En el momento actual es aún más necesaria y urgente esta reforma del Código Civil. Durante dos largos años llevamos padeciendo una pandemia que afecta a todo el planeta, y viene siendo de dominio público una noticia consistente en que gran número de personas de edad avanzada se están sintiendo frustradas cuando a la hora de testar les informa el notario que para privar de la herencia a alguno de sus hijos o nietos solo puede acudirse a la figura de la desheredación; pero que existen importantes inconvenientes para ello, pues aparte de que la conducta del hijo o nieto en la que el progenitor apoya su decisión no encaja específicamente en ninguna de las causas legalmente previstas para desheredarlo (arts. 852, 853 y concordantes CC), resulta en la práctica muy difícil, por no decir imposible, que los demás herederos puedan en su día acreditar la certeza de esta causa en el caso de que fuera negada por el desheredado. Se quejan muchas personas mayores, no solo de la falta de ayuda material de alguno de sus hijos, sino la mayor parte de las veces también de una clara y prolongada desafección, llegando incluso a ignorar totalmente a sus progenitores: “jamás me ha visitado en la residencia y ni siquiera llama preguntando por mí”; “sabe que vivo solo/a desde hace varios años y en ningún momento ha venido a verme, ni siquiera me ha llamado por teléfono en los diez últimos años”; “no se preocupa por mi estado de salud, pese a saber que tengo varios padecimientos; “ha tenido que ser el/la estudiante que vive en el tercero la que me ha hecho la compra, hasta de las mascarillas”; “¿por qué tengo que dejar mis bienes a mis hijos/as y no a quien me ha atendido y cuidado durante tantos años?….Lo cierto es que se quejan de grandes desatenciones en todos los sentidos, y también es verdad que les duele en mayor medida –si cabe- la desatención  afectiva que la meramente material, por más que tampoco ésta sea despreciable.

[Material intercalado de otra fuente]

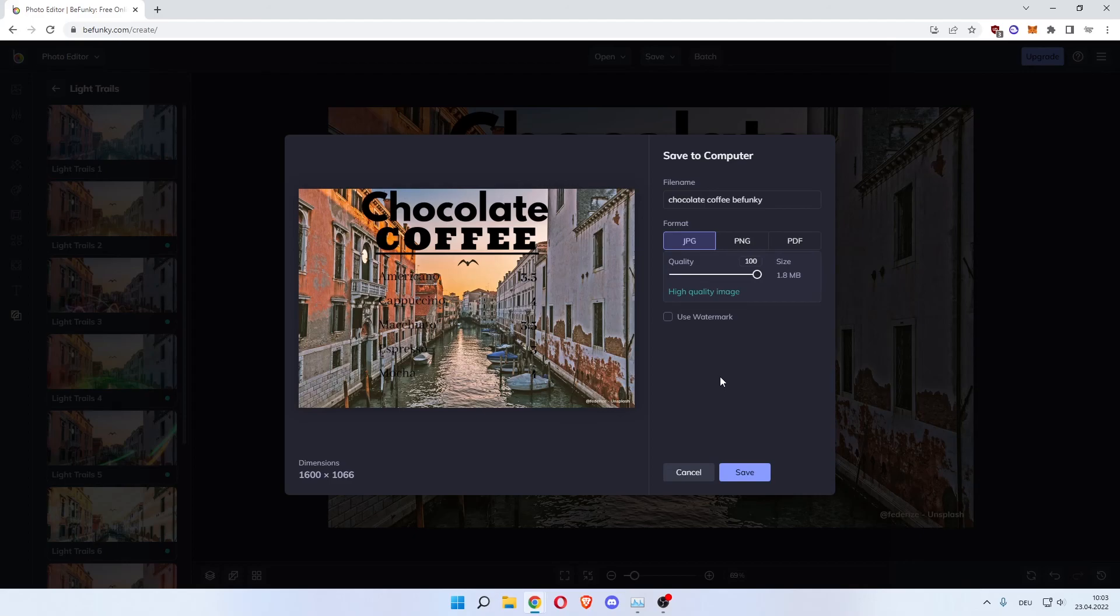That's how to use BeFunky. I hope this video can help you out. If it did please leave a like. If you have any questions leave them in the comments below. And subscribe. I'll see you in the next one. Bye.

He tenido ocasión de dialogar coloquialmente sobre estos temas con personas legas en Derecho, y muchas de ellas opinaban que la desaparición de las legítimas implicaría la privación a aquellos progenitores que están plenamente satisfechos de la conducta de sus deudos y que se sienten perfectamente atendidos material y anímicamente por sus descendientes, de la privación –repito- hacia tales descendientes de suceder “post mortem” a sus ascendientes. Pero estas personas bienintencionadas quedan tranquilas cuando se les informa de que ello no supone nunca privar de la herencia a los deudos de la persona difunta, porque siempre ésta tiene dos opciones: A) hacer testamento instituyendo herederos a aquel o aquellos descendientes que crean oportuno, así como ordenar en la forma y cuantía que prefieran el reparto y distribución de los bienes relictos, ó B) simplemente morir abintestato, en cuyo caso el propio legislador se ha encargado ya (Capítulo III del Título III del Libro también III del Código Civil) de establecer unas detalladas reglas acerca de la sucesión que el propio Código llama impropiamente “legítima” en su artículo 912, por no repetir la denominación más correcta de “intestada” que inmediatamente antes había empleado.

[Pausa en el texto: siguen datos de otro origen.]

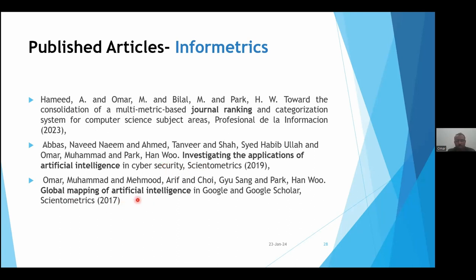Another similar article in terms of data collection, with a different query, was 'Global Mapping of Artificial Intelligence in Google and Google Scholar.'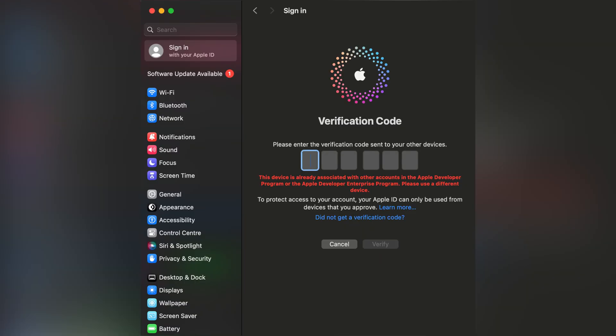So what does this error message mean? Essentially, it indicates that your device is already linked to another Apple Developer Account. Apple has strict rules about device associations to prevent misuse.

En definitiva, el todavía actual e injustificadamente vigente sistema de sucesión forzosa (“legítimas”) en nuestro Derecho Civil hace que el derecho constitucional a la propiedad esté quedando “cojo” y mermado, ya que al propietario solo le está permitido disponer de sus bienes y derechos “inter vivos”, pero tiene en cambio vedada en una gran medida la posibilidad de transmitirlos “mortis causa”, porque así lo impone una legalidad ordinaria que hoy día resulta anacrónica, obsoleta y sobre todo inconstitucional, que se ha alejado, ya hace demasiado tiempo, de la realidad social española. Por ello, cabe preguntarse: ¿Hasta cuándo seguirán falleciendo en nuestro país tantas personas sin haber visto legalmente consagrado su derecho constitucional a atribuir su herencia a quienes estas personas crean que son merecedoras de recibirla por esta vía? Los poderes públicos tienen la solución, pero ya están demorando demasiado su obligada respuesta.